447 P.3d 71
Or. Ct. App.2019Background
- Defendant was convicted of third-degree sexual abuse (ORS 163.415) after the victim testified that he exposed himself, grabbed her hand, and caused her to masturbate him in his car; she said she stayed because she feared he carried a firearm.
- The police report attributed to the victim a statement that she did not flee because “a strong muscular black man could catch me.” At trial the victim denied saying the word “black,” describing the comment instead in neutral terms about the man’s size and speed.
- Defendant requested the uniform witness-false-in-part instruction based on that inconsistency; the trial court denied the request as insufficient to trigger the instruction.
- In closing, defendant aggressively attacked the victim’s credibility and pointed to the alleged inconsistency between the police report and her trial testimony.
- The jury found defendant guilty; on appeal he argued the court erred by refusing the false-in-part instruction and that the error was not harmless because it deprived him of an argument that the victim’s entire testimony was unreliable.
Issues
| Issue | Plaintiff's Argument | Defendant's Argument | Held |
|---|---|---|---|
| Whether the trial court erred by refusing to give the uniform witness‑false‑in‑part instruction | State: court acted within discretion or any error harmless | Defendant: inconsistency about "black" statement warranted the instruction and without it jury could not be told to distrust other testimony | Even assuming error, it was harmless; affirm conviction |
| Whether failure to give instruction deprived defendant of his ability to argue witness impeachment | State: defendant made the impeachment argument at trial despite no instruction | Defendant: he was deprived of a formal jury instruction to support rejecting witness testimony wholesale | Court: defendant nonetheless argued credibility repeatedly; instruction would only describe what jury already could do; harmless |
| Proper effect and use of the witness‑false‑in‑part instruction | State: instruction is discretionary and may not be necessary | Defendant: instruction is required when witness lies in part | Court: instruction is permissive, merely states jury power; approach with caution |
| Whether the inconsistency likely affected the verdict | State: little likelihood given record and arguments made | Defendant: inconsistency could have led jury to distrust all testimony | Court: little likelihood of effect; error harmless |
Key Cases Cited
- State v.
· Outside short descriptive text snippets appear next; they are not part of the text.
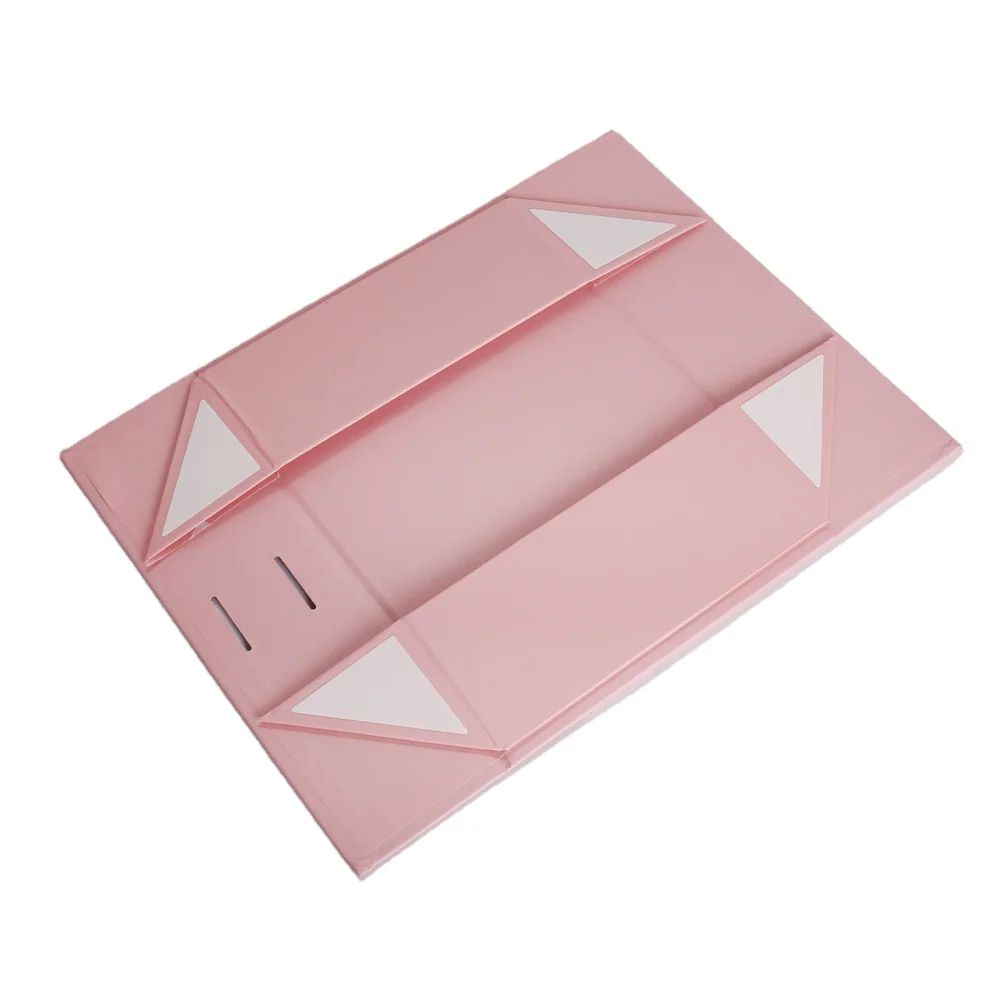 product custom biodegradable luxury foldable ribbon magnetic box embossed art paper packaging sponge liner for business logo display-4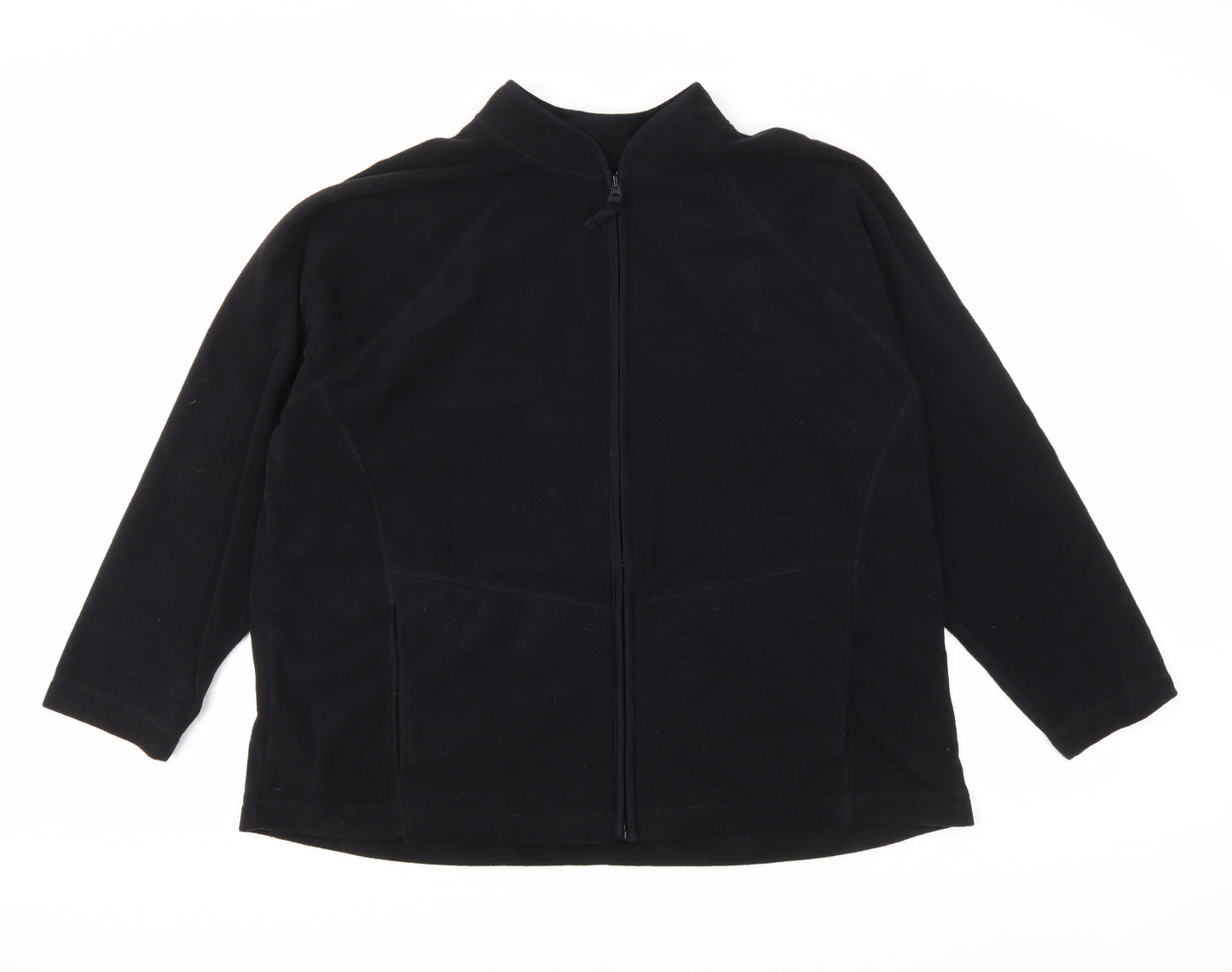 TU Womens Black Jacket Size 24 Zip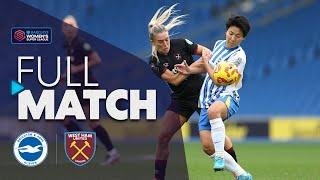 Full Match: Brighton & Hove Albion v West Ham United | Barclays WSL 2024-25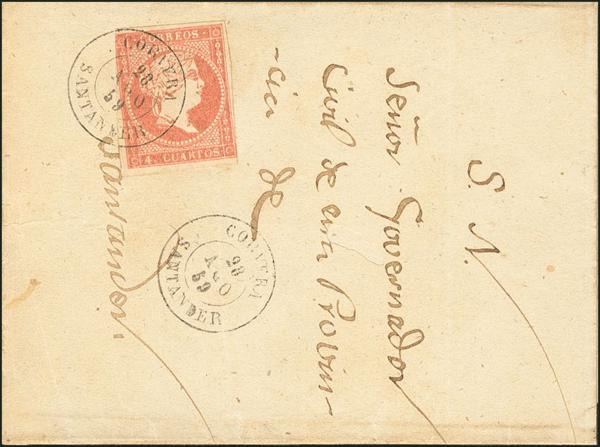 0000001334 - Cantabria. Postal History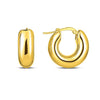 14K Yellow Gold Small Puffy Hoops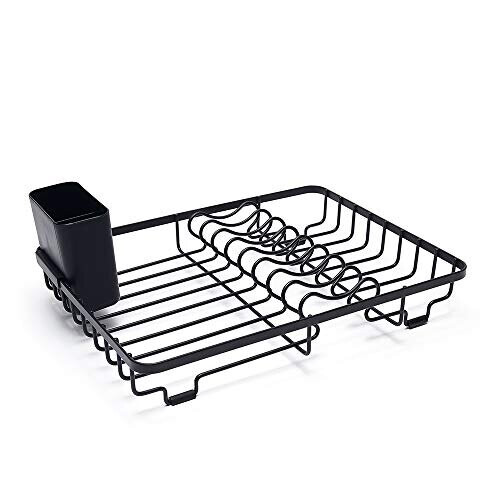 simplywire - Compact Black Dish Drainer/Plate Drying Rack - Small 1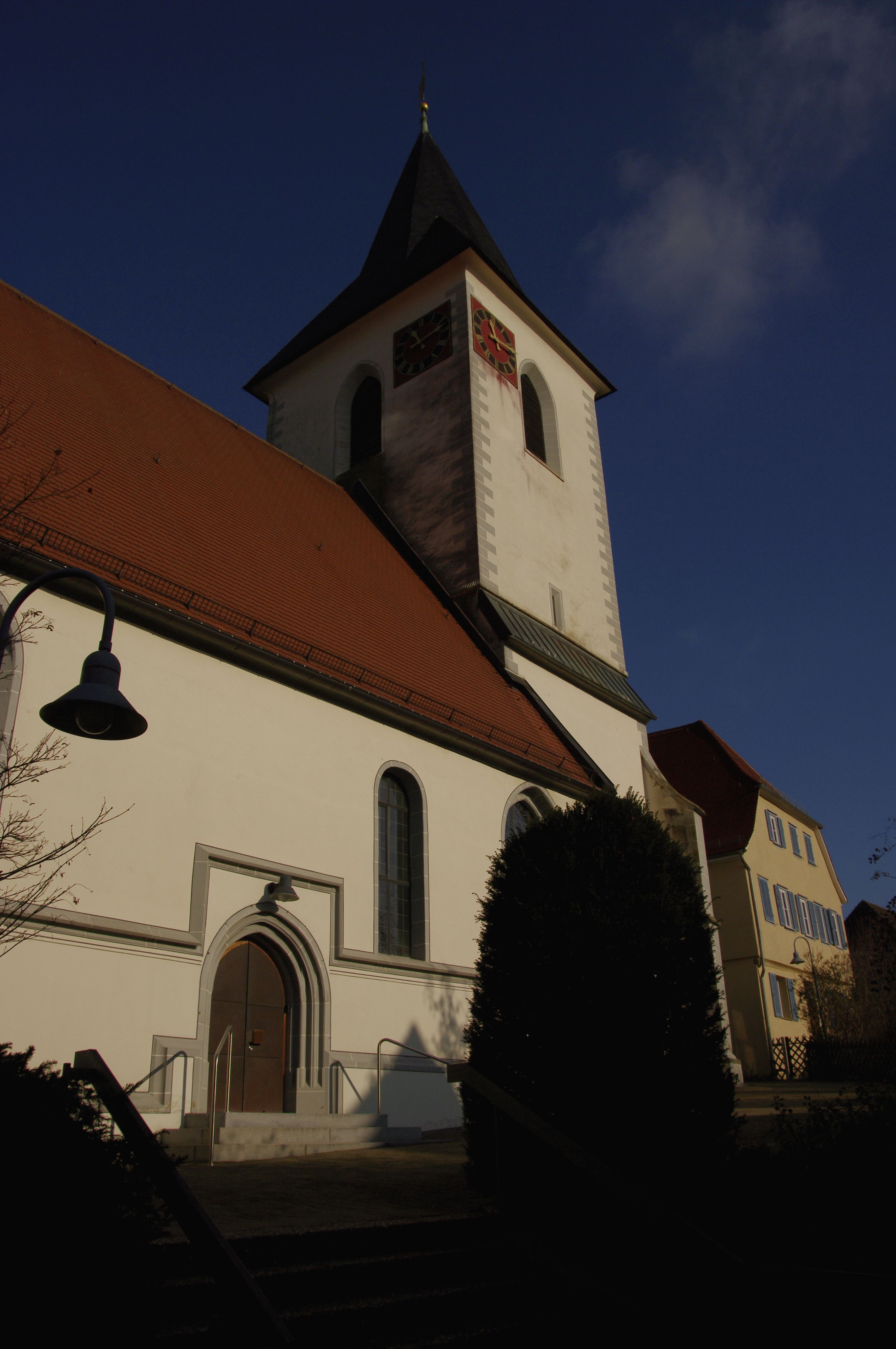 Mauritiuskirche Schwaikheim - Evangelische Kirchengemeinde Schwaikheim, Pfarrgasse 1 in Schwaikheim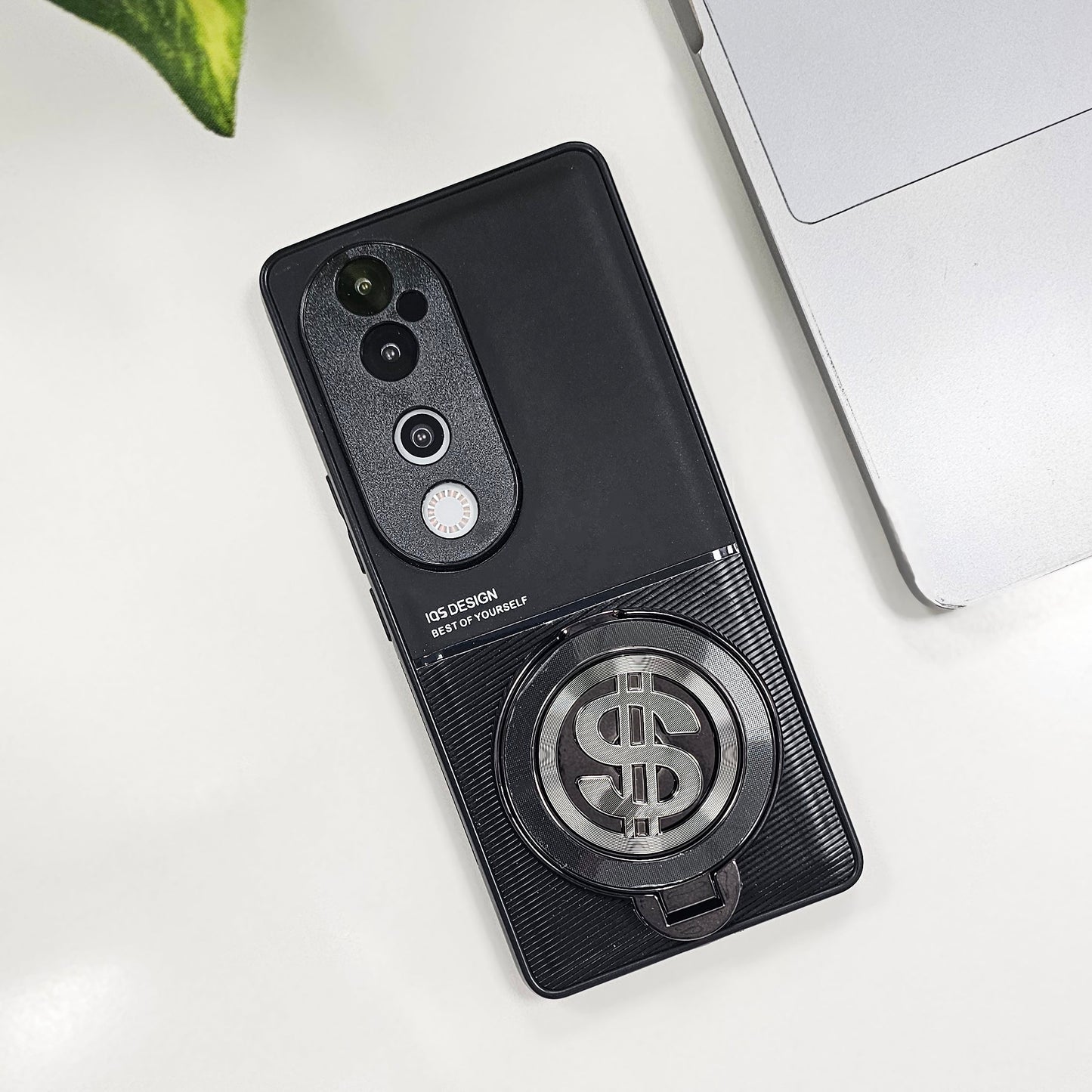 Vivo V40 Pro 5G Luxury Hybrid Money Magnet Rotating Dollar Case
Davis, 336 Or. 19 (court may affirm despite error when there is little likelihood the error affected the verdict)
- State v. Long, 106 Or. App. 389 (describing witness‑false‑in‑part instruction as permissive and nonobligatory)
- State v. Walker, 291 Or. App. 188 (cautionary approach to witness‑false‑in‑part instruction)
- Ireland v. Mitchell, 226 Or. 286 (Supreme Court warning that the instruction can lead to mischief in the jury room)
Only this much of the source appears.